We observed an increase in tumor necrosis and a significant decrease in tumor-associated angiogenesis in tumors expressing DARC which may be attributed to DARC acting as a "sink" in vivo and disrupting chemotactic gradients that would be required for angiogenesis to occur. More recently it has been demonstrated that DARC knockout mice undergo modified infiltration of leukocytes in response to inflammatory stimuli such as lipopolysaccharide suggesting that DARC may play a significant role in leukocyte-endothelial cell adhesion and migration [31, 32]. Moreover, immobilization of IL-8 is required for neutrophil emigration into tissue and it has been suggested that this occurs via a cooperative mechanism involving IL-8 binding to DARC and heparan sulfate [33]. Thus the decreases in immunological cell types present in DARC tumors also supports the disruption of appropriate chemotactic gradients along the endothelial surface as DARC expressed on tumor cells would act as a "sink" and sequester chemotactic chemokines within the tumor itself.
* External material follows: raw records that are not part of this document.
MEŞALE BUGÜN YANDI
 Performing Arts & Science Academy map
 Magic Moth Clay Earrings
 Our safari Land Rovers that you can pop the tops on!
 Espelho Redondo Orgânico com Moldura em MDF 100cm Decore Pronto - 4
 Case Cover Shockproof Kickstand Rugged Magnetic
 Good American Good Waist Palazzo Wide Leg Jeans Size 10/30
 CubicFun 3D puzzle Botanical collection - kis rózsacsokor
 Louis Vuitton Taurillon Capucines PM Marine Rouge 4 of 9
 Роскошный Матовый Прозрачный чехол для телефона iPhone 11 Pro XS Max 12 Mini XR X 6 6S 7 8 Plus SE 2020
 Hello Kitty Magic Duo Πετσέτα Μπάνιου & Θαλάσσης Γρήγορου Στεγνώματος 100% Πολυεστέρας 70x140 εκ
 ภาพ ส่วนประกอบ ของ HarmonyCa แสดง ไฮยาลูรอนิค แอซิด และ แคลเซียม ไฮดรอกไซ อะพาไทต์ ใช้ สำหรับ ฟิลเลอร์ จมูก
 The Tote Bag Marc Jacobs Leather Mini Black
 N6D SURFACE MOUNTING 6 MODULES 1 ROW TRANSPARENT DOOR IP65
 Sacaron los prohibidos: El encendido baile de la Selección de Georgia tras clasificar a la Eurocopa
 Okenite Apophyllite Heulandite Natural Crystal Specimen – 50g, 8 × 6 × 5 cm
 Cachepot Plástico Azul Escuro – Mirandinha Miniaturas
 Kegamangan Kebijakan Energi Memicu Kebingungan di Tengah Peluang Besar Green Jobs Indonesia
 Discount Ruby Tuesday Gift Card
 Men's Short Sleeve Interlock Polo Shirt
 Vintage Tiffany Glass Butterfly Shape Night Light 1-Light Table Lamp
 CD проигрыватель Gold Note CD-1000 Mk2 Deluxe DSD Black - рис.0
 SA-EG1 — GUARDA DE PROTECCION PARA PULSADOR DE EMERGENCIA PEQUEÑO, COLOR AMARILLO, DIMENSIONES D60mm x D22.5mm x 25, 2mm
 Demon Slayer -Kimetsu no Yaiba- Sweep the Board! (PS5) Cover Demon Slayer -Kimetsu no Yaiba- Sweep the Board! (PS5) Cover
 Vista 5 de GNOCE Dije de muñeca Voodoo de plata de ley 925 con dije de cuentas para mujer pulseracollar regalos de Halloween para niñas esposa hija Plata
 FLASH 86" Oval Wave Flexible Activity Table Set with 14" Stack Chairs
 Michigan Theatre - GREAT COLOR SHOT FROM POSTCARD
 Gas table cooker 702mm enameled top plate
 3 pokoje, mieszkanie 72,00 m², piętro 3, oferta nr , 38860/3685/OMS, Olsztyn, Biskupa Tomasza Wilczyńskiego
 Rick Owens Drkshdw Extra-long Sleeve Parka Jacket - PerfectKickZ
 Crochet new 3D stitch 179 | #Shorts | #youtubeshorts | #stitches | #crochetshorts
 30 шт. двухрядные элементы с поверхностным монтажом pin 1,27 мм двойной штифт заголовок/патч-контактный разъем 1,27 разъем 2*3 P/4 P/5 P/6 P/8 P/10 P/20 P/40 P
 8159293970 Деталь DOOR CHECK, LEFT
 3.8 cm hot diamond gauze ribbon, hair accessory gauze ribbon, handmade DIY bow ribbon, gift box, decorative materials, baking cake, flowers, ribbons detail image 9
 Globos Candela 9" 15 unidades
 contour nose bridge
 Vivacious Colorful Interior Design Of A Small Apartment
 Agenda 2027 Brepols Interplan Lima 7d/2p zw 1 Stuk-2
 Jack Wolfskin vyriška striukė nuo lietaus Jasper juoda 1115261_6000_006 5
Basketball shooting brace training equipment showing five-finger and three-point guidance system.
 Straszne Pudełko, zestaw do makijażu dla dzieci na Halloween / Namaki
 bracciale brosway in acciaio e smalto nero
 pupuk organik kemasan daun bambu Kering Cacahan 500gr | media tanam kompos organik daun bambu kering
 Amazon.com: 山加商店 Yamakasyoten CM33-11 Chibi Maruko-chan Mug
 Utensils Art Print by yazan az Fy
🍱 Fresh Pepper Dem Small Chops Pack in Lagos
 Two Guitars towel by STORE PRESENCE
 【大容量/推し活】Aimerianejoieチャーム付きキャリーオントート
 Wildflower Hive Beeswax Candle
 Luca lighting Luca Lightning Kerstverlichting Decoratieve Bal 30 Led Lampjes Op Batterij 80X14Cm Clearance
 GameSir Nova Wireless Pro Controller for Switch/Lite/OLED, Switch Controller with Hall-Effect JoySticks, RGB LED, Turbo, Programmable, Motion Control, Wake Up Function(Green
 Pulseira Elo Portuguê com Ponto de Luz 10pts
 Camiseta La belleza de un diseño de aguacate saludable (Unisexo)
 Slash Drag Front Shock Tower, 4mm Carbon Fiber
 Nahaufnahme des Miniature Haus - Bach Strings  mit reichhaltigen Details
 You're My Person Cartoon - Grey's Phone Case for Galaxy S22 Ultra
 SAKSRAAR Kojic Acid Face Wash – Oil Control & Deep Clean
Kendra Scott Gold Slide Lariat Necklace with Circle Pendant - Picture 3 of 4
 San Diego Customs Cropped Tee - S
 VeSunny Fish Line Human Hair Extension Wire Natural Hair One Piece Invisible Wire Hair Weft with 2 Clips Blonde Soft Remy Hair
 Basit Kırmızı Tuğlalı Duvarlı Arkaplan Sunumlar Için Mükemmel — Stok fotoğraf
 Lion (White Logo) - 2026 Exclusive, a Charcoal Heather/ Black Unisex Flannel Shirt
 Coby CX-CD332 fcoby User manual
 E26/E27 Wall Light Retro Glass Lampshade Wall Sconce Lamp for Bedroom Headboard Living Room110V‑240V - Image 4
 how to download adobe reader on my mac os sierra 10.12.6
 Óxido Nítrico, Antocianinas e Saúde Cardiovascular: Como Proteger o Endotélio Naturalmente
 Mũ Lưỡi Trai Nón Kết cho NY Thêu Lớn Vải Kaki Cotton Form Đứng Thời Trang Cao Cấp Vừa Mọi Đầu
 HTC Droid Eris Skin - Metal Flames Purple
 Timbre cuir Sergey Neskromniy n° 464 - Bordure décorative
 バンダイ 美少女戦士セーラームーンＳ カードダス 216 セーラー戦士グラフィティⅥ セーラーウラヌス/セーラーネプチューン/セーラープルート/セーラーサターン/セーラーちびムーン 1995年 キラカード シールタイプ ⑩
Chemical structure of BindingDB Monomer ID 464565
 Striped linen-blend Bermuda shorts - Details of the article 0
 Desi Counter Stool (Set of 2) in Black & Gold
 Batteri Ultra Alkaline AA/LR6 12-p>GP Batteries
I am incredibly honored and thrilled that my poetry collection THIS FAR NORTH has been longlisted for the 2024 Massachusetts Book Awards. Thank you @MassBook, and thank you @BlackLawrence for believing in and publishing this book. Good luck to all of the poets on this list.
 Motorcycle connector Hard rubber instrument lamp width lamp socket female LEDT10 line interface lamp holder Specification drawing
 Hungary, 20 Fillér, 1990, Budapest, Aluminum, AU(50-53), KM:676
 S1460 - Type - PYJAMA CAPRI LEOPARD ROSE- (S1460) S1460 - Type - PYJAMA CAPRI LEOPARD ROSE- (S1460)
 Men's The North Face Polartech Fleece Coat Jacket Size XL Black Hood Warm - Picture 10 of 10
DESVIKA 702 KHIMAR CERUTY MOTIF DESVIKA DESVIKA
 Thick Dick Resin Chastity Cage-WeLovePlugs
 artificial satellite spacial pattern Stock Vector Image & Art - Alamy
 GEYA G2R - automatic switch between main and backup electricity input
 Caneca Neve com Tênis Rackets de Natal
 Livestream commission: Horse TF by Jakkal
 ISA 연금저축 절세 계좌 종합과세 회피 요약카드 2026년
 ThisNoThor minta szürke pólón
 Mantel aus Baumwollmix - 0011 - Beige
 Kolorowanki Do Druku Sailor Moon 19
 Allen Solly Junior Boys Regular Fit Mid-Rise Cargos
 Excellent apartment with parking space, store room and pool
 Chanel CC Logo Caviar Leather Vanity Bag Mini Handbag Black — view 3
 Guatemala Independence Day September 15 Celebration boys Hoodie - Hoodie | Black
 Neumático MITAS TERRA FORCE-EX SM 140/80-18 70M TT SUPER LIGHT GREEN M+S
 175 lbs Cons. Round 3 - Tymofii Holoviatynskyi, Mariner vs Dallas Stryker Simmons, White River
This may partially explain the increase in size of DARC expressing tumors as normally dying tumor cells in necrotic areas would be removed by infiltrating immune cells leading to resolution of the necrosis and this process might not occur if these cells cannot extravasate into the tumor space, leading to increases in the necrotic areas and hence overall size of the tumor. Impaired infiltration of immune cells might also contribute to the reduced neovascularization observed in DARC-expressing tumors as it has been shown that the presence of macrophages may contribute to tumor growth and progression and induction of tumor neovascularization [34, 35]. As we observed a slight reduction in the number of tumor-associated macrophages in DARC-A549 tumors as compared to control tumors it remains possible that in addition to DARC directly binding angiogenic chemokines and preventing them from directly affecting the neovasculature, that reduction in infiltrating immune cells may also contribute to the reduced neovascularization associated with DARC-A549 tumor growth.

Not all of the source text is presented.